The federal involvement in North Carolina's election infrastructure, replete with wide-ranging subpoenas and indictments, would seem to indicate a need for solutions.

However, despite the widespread support for voter ID requirements in the state, and its issues with voter fraud, "North Carolina is presently one of 16 states, along with the District of Columbia, that does not require any verification or documentation to cast a ballot," per WUNC 91.5.

However, the disparity between the state's election law and the wants of the people of North Carolina is certain to be eradicated this November.

The North Carolina General Assembly advanced a constitutional amendment that would enable voter identification requirements, and it will be on the November 6th ballot as a public referendum. The proposed amendment reads,

Voters offering to vote in person shall present photographic identification before voting. The General Assembly shall enact general laws governing the requirements of such photographic identification, which may include exceptions.

The proposed text would effectively "amend Section 2 and Section 3 of Article VI of the North Carolina Constitution," according to Ballotpedia.

Although the law that would follow the passage of the amendment has yet to be revealed by the General Assembly, 63% of North Carolinians support the proposal, per a poll by Elon University.

Elon University's poll also found that 67% of North Carolinians disbelieve the assertion that voter ID requirements aid Republican candidates, saying that their presence has no impact on the results of elections.

Gov.
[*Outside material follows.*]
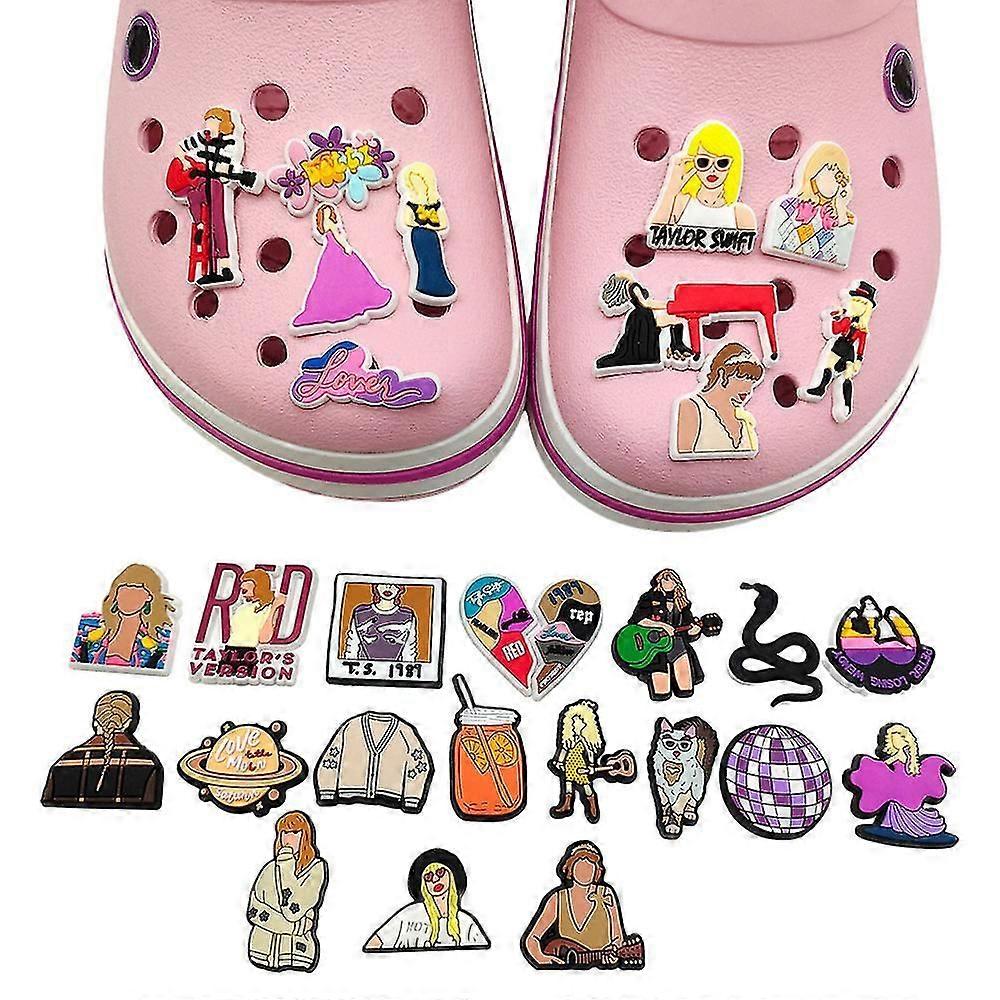 29 Pack Taylor Swift Cartoon Themed Shoe Charms Decorations Clog Pins Shoes Accessories Adult Kids Fans Gifts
Martin

While voters reject claims that ID requirements boost the GOP, former North Carolina Governor James "Jim" Martin, a Republican, stated that in order to ensure equitable access to the ballots, state agencies "should be empowered to issue a photo ID as a basic civil right."


FDL Review, located in southwestern North Carolina, dually supports the sentiments of the North Carolina General Assembly and Governor Martin.

We encourage voters in the state of North Carolina to vote in favor of the constitutional amendment requiring voter ID, and in turn, we ask that the General Assembly craft legislation that makes voter identification more accessible to all communities, demographic groups, and political blocs in the state.

While erecting firewalls to prevent foreign cyberattacks is a credible objective for our national intelligence forces, it is also important that we tackle the problems facing our voting infrastructure stateside. This can occur without the disenfranchisement of particular groups from the political process, contrary to the statements of Governor Roy Cooper, a Democrat, and members of his party.